Why then “no doubts of any kind”? Because doubt and confidence both belong to the ego. When ego dissolves, so do its opposites. No-mind is the end of concepts. It is the great unknowing, the clear gate into effortless action.
Unknowing into simplicity
The Tao Te Ching circles back to this theme again and again. Chapter 28 praises simplicity—“returning to the state of a newborn babe.” The image of the uncarved block is original mind itself: natural, unshaped, pure potential.
Life carves us down into identities. Knowledge piles on, cluttering the water. Yet Tao reminds us: what is learned may be useful, but what is unlearned is infinite.
“To learn, one increases day by day; to cultivate Tao, one reduces day by day. Reduce and reduce until non-action is reached. With non-action, nothing is left undone.” (Tao Te Ching, Ch. 48)
This unknowing is not ignorance but the end of arrogance. It is humility, simplicity, the stripping away of the ego’s story.
The question: Who knows?
Life overwhelms us. It feels unfair. We throw up our hands: “Who knows?”
At first, this is ego’s retreat. A shrug, a dismissal, a way to protect itself from harder questions. “Not my fault. Out of my hands. Mystery unsolved. Let’s move on.”
But the ego is slippery. It claims to help, then deflects blame when it can’t deliver. “Who knows?” becomes a disingenuous defense.
Unless we turn it. Unless we flip the question into self-inquiry.
A simple practice
When anxiety rises, we can ask: “Who is it that knows this anxiety?”
The answer: “Who knows?”
But this time, the phrase is not avoidance—it is release. It is a wedge between ego and awareness. It strips ownership from the thought. Anxiety belongs to the ego. Awareness itself knows nothing of it.
“Who knows?” becomes a koan. An unanswered question that reveals by refusing to resolve. Our true nature is Tao. Empty awareness is our closest glimpse.
So the question is not meant to be answered. It is meant to unmask the one who keeps asking.
Self-inquiry, the inner glance, and empty awareness
Over time, practice shifts from conscious effort to instinctive pause. The inner glance—the brief turn of awareness inward—is enough.
The question “Who knows?” becomes a breath. A pivot back to the seat of awareness. Not to knowledge. Not to ignorance. Simply to being.
Empty awareness is not concerned with teachings, doubts, or certainties. It simply is. And paradoxically, in that unknowing, reality reveals itself more vividly than ever.
No-mind is not escape but deeper connection. In it, nothing is resisted, nothing is forced.
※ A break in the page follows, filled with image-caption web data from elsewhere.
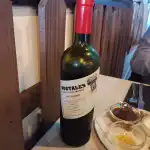 Tango Buffet- Parrilla & Vinos - Imagen 9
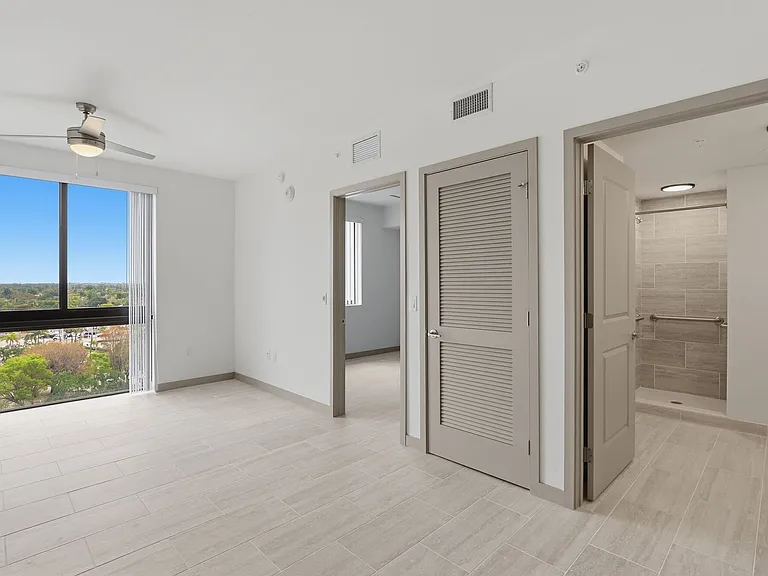 Quail Roost Transit Village II — Photo 10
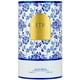 thumbnail image 3 of Perfume Lattafa Petra Eau de Parfum, 100 ml, para unisex, 3 of 3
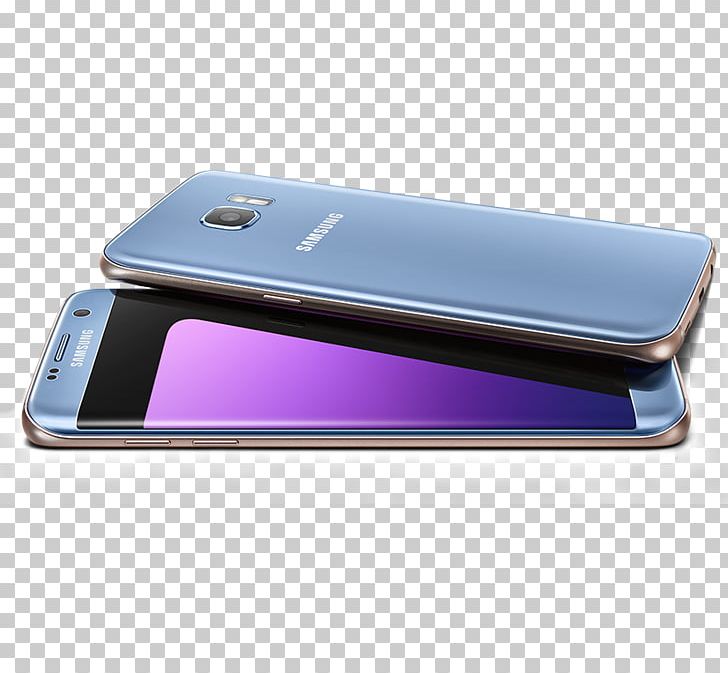 Samsung GALAXY S7 Edge Samsung Galaxy Note 7 Smartphone Samsung Group PNG, Clipart, Coral, Electronic Device, Electronics, Gadget, Mobile Phone Free PNG Download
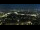 Webcam in Vienna, 1 mi away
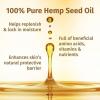 Hempz Body Moisturizer Age Defying 17 Ounce Pump (500ml) (Pack of 2)(17 Fl Oz (Pack of 1))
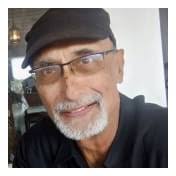 Ciszewski Family Obituaries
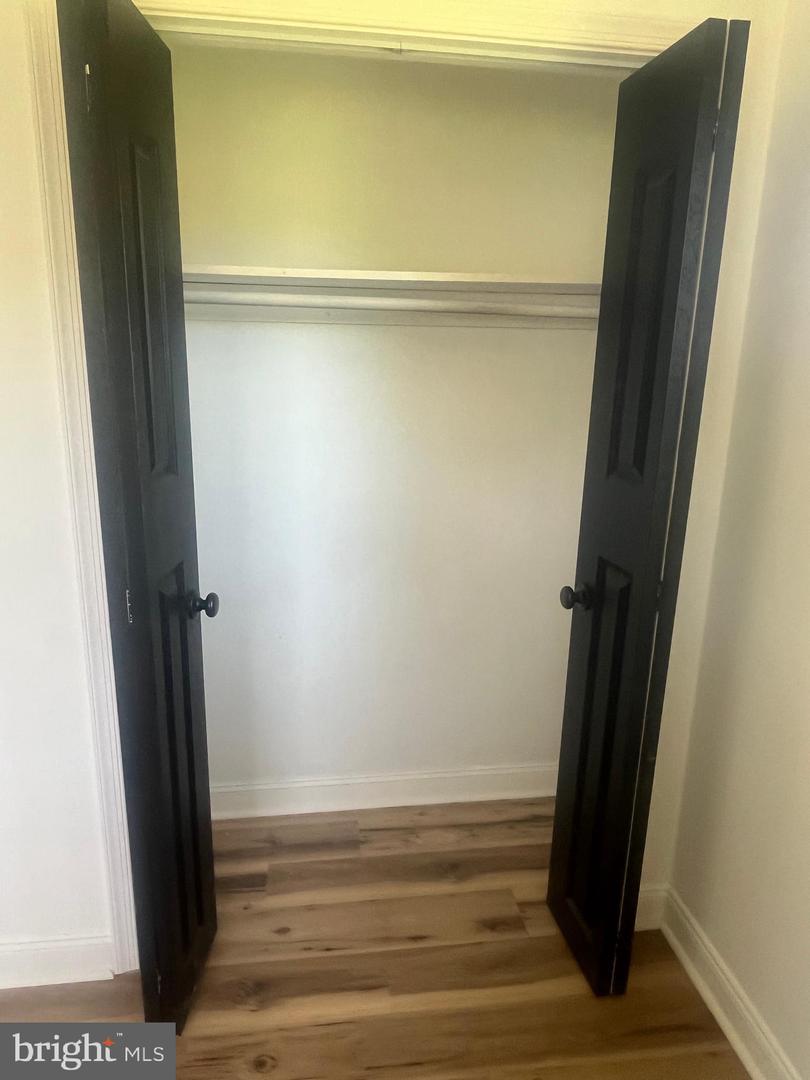 1807 CALVARY CHURCH RD, WARSAW, Virginia 22572, 3 Bedrooms Bedrooms, ,2 BathroomsBathrooms,Residential,For sale,1807 CALVARY CHURCH RD,VARV2000502 MLS # VARV2000502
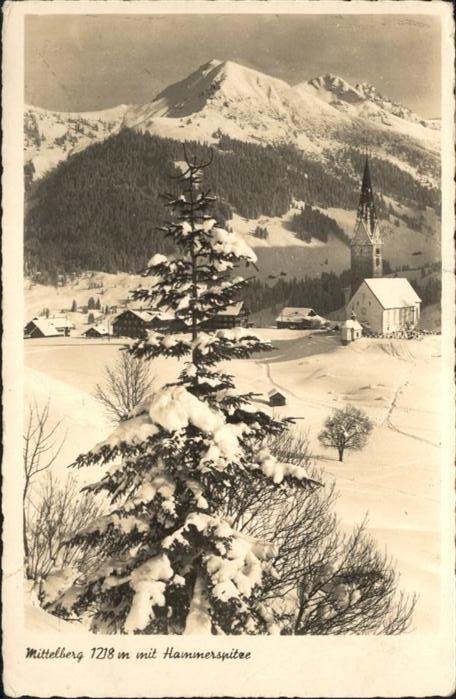 Mittelberg Oy Neue Krone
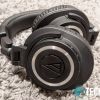 Audio-Technica-ATH-M50xBT-review-05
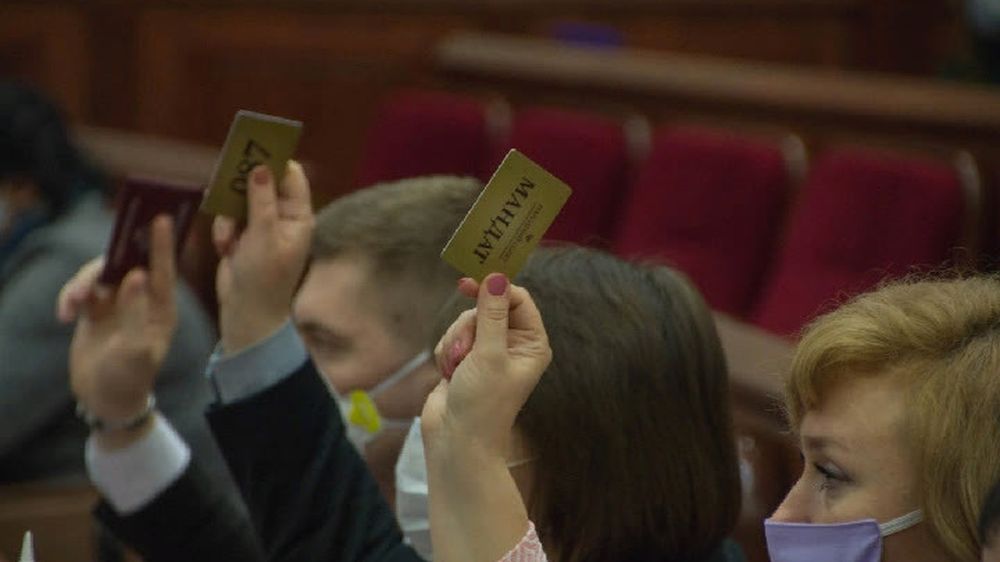 � ��� �������� ��������� �� ���������� �������� ����������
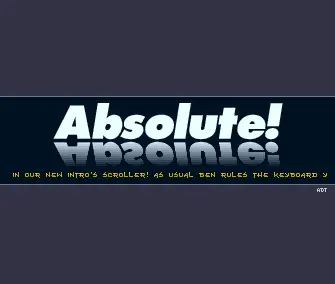 Abstro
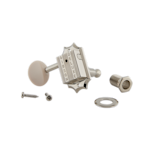 PMMH-060_4.png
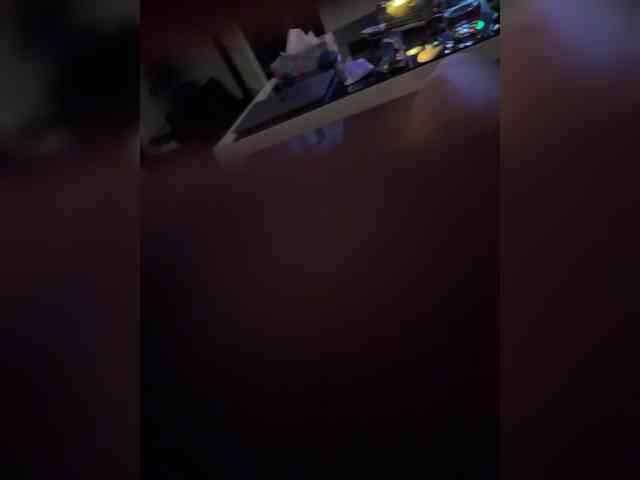 SexPreffered69 webcam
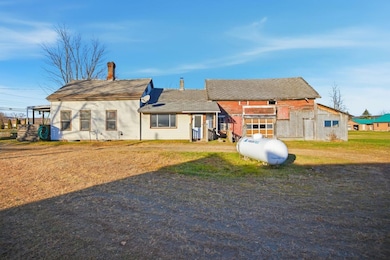 2862 Dartmouth College Hwy, North Haverhill, NH 03774 - photo 7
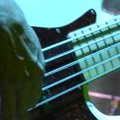Fête de la musique 2017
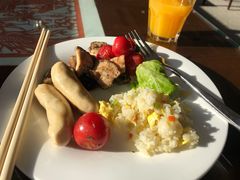 -北京东直门智选假日酒店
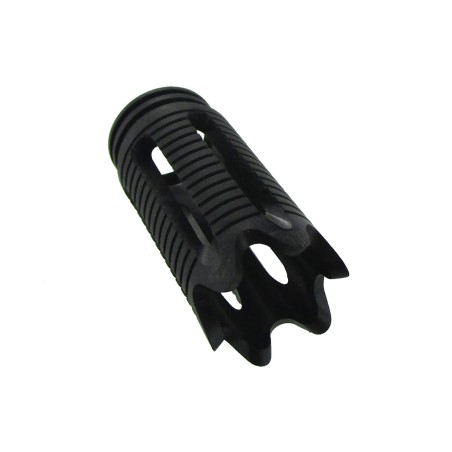 Plastic Phantom Muzzle Break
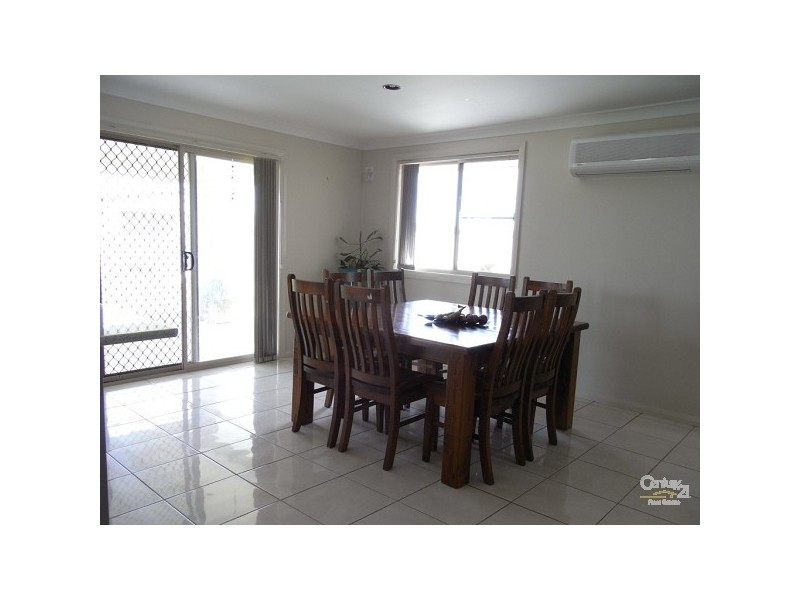 34 Palmer Drive, Kingswood NSW 2340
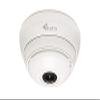 American Dynamics ADCI825-F312 Illustra 825 5MP Fisheye 360 Degree, Non-Vandal view 1
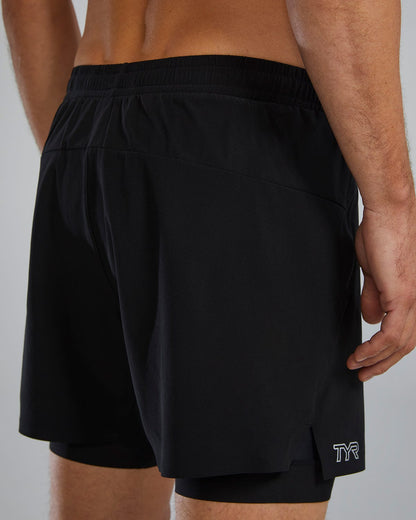 Product image for 001 Black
We can spend a lifetime training the ego to let go one thought at a time—each surrender bringing brief relief. Or we can let go of the root: the false identity of separate self. That single unknowing opens the door to the peace that does not end.
The question remains: Who knows?
Asked from the ego, it is dismissal.
Asked from awareness, it is liberation.
No-mind is not found through accumulation but through subtraction. Not in knowing, but in unknowing. Not in mind, but in the peace beyond it.
Explore more:
In “A Hitchhiker’s Guide to the Galaxy,” Douglas Adams whimsically wrote, “Space is big. You just won’t believe how vastly, hugely, mind-bogglingly big it is. I mean, you may think it’s a long way down the road to the chemist’s, but that’s just peanuts to space.” This article on BigThink discusses the vastness of the universe. It also offers some awe inspiring pictures to go along with the discussion.
You don’t need to ponder some sort of cryptic, paradoxical question in order to enter the realm of koan practice. Consider the following, “Overall, our observable Universe spans 92 billion light-years. But the unobservable Universe must be at least hundreds of times larger. For all we know, the universe may be infinite.” The concept of infinity, in and of itself, is enough to humble the ego’s pretension to know it all. How can the universe be infinite? Ponder that until you conclude that there is no reasonable, logical answer for you to come to. Then become okay with not knowing.